Doi Chang Dao from the road north to Fang, an interesting looking area that we knew nothing about or even if it was possible to get up there
poor shot of Indian Roller
even worse of Chestnut-backed Shrike
Taffon paddyfileds at dusk
Taffon sunset
28 December.  We were up at dawn and split up to more fully cover the paddyfields where we spent most of the morning.  It was a bit like crop bashing on an amazing Fair Isle and I saw Citrine Wagtail, Red-throated and 3 Richard’s Pipits, Lanceolated and 7 Dusky Warblers and 5 Little, 10 Crested and 40 Yellow-breasted Buntings.  Andrew also saw a Chestnut Bunting although didn’t see the Blossom-headed Parakeets the rest of us did.  We drove south stopping in various patches of roadside woodland where we saw Grey-headed Parakeet, Large Cuckoo-Shrike and Black-hooded Oriole.  North of Chang Mai we saw a sign to Mae Sa Waterfalls and diverted to spend the last couple of hours of daylight there.  This turned out to be an excellent move as although I only saw 8 species they included three species of Forktails, Plumbeous Redstart, River Chat and Blue Whistling Thrush – all new.  We ate in Chang Mai and drove up to the summit at Doi Pui where we camped.  Thankfully the army and police seemed to have moved on.
Taffon paddyfields
Mae Sa Waterfalls
Peter and Steve watching forktails
Black-backed Forktail
29 December.  We were up at dawn wandering around the summit at Doi Pui but with no success until Peter and Steve saw another White’s Thrush.  Andrew and I were most gripped and headed down after it, spending a couple of hours crashing through impenetrable unworkable habitat and nearly being charged by a large unseen beast.  Dejectedly we walked back up to the summit and flushed a/the White’s Thrush on the way!  Amazing.  I sat down by the plantation to wait for the others and had a brief view of what I thought was a male Red-flanked Bluetail but despite spending the rest of the day in the area we failed to get further views of either it or the thrush.  We returned to Chang Mai at dusk and to Ban Dan Kaeo to camp after we’d had a meal.
 
Fire-breasted Flowerpecker

30 December.  We woke at Ban Dan Kaeo at dawn to find we were surrounded by most of the villagers who were looking on with amazement as we packed up the tents.  We had a friendly chat with the local policeman telling him of the birds we had seen although this probably further convinced him that we were mad foreigners.  We saw little around the campsite and headed back up to Doi Poi to give the bluetail another try.  It failed to show causing a bit of self doubt to creep – had my views really ruled out a niltava?  We drove back down to Doi Suthep and spent an hour at the temple which was most impressive, if somewhat busy.  We finished the day walking down the trail which we had to ourselves.  Here I saw 8 new birds including Greater and Lesser Necklaced Laughingthrushes, Red-billed Scimitar Babbler, White-hooded Shrike-Babbler and Small Minivet.  Again we returned to Chang Mai to eat and then drove to Doi Inthanon.

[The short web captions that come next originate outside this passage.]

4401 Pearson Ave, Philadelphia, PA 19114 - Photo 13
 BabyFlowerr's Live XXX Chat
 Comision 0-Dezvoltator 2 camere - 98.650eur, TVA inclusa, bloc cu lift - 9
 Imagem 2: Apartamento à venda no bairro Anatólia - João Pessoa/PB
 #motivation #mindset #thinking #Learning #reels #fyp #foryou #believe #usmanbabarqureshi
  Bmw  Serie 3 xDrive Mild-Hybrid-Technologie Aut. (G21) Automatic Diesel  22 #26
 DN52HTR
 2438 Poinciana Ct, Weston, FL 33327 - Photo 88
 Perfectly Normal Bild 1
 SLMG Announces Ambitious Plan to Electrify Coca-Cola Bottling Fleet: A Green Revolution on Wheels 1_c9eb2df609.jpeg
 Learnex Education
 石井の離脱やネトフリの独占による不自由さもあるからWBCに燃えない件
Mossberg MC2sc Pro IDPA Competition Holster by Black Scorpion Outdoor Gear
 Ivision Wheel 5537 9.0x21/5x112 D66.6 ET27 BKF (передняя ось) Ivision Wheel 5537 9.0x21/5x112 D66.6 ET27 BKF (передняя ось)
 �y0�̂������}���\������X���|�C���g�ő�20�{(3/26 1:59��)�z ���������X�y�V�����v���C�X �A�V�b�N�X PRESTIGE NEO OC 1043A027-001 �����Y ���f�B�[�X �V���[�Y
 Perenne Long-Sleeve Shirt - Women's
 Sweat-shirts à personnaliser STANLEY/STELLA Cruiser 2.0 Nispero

Moon hand, spider and prey

31 December.  We reached the top of Doi Inthanon thanks to Dr Boonsong’s cards which helped us get past three checkposts on the way.  Habitat was patchy with much of the forest cleared in places.  Peter found an Ashy-throated Leaf Warbler around the edge of the summit marsh and caused some excitement - I actually stayed ahead of Andrew racing along the boardwalk to get there although it had disappeared when we got to Pete.  Fortunately it or another reappeared 20 minutes later giving excellent views and I went on to see 8 around the summit as well as Brown-throated Treecreeper and Green-tailed Sunbird.  We took all day driving back down the road stopping regularly and saw Red-headed Trogon,  White-browed Shortwing and Chestnut-bellied Rock Thrush although I missed a Maroon Oriole.  Peter and Steve dropped Andrew and myself off at our ‘hotel’ outside the park, an apparently disused Banana planters hut, while they drove back into Chang Mai to celebrate the New Year.
 
view from Doi Inthanon 
 
1 January.  Peter and Steve returned at dawn just as Andrew and I were getting up, having had little or no sleep between them.  Black-collared Starling was the first bird of the year.  Andrew drove us back up the mountain where we spent the day at different altitudes.  Peter and Steve crashed out and missed our first sortie which produced an immature Red-flanked Bluetail (no issues at all with this one) and a Black-breasted Thrush feeding on the ground along a quiet forested track although the day's highlight was an amazing Chestnut-crowned Warbler.  A very enjoyable day.  We returned to our ‘hotel’ after a not particularly informative talk with one of the wardens  - he did not know where we could go to see Brown Dipper.
Inthanon Hotel
2 January.  Our third and unfortunately final day on Doi Inthanon and I still saw 11 new birds.  This rather suggested there was a lot more to see here and that we were moving on too soon.  My new birds included two I’d previously missed – a male Chestnut Bunting which we saw around some paddyfields half way up and a small party of Red-headed Laughingthrushes from the summit car park.  Vivid and Large Niltavas were most impressive as were 2 more Chestnut-crowned Warblers.  On the way back down we checked some low scrub hoping to find wintering Radde’s Warbler but with no success.  We drove back to Chaing Mai at dusk and after eating returned to Ban Dan Kaeo to kip.

3 January.  We spent the whole day on Doi Suthep.  We parked at the waterfall near the bottom and, after a wait of 30 seconds, caught a taxi up to the temple.  We walked quickly to the reserve and then slowly down the trail taking arbitrary decisions as to which way to go when faced with a choice.  Amazingly we hit the main road at the car.  I saw 7 new birds which was a bit disappointing as there were a lot of others we could have seen.  I was learning that forest birding in the tropics takes time.  However they did include a Radde’s Warbler at the top of the trail and a mind blowing view of a Mountain Hawk Eagle perched in the forest and being mobbed by Green Magpies and drongos before flying off.  Despite us being together I was the only one to see this spectacle – it must have happened much quicker than I remembered and my directions must have been pretty poor for none of the others to get onto it.  We all saw 2 immaculate Sulphur-breasted Warblers on the trail down and I had untickable views of a female Red Jungle Fowl (my initials bird), a species all the others had seen earlier in the trip.  We finished the day below the temple seeing little except Emerald Doves.

4 January.  A disappointing day.  We tried to take a road northwest of Chang Mai to Pi which Dr Boonsong had told us could be very good but we were not sure if we were in the right area or even on the right road and could not find any decent habitat.  My few photos from this day along with several others I recall having from the trip seem to have been lost or inadvertently thrown away.  In hindsight an attempt to get up Doi Chang Dao would have been more productive.  Plain Flowerpecker was my only new bird although I was pleased to see Oriental Hobby, Orange-bellied Leafbird and Ashy Drongo again.  We gave up after a few hours and, uncertain what to do, ended up at Mae Sa where we spent twice as long as on our previous visit seeing the same (or fewer in my case) species.  I saw my second Tickell’s Blue Flycatcher, another male.  We drove south overnight to Boraphet Reservoir.  Arriving in the early hours we camped by a road and were somewhat surprised how many people were about at 3 am!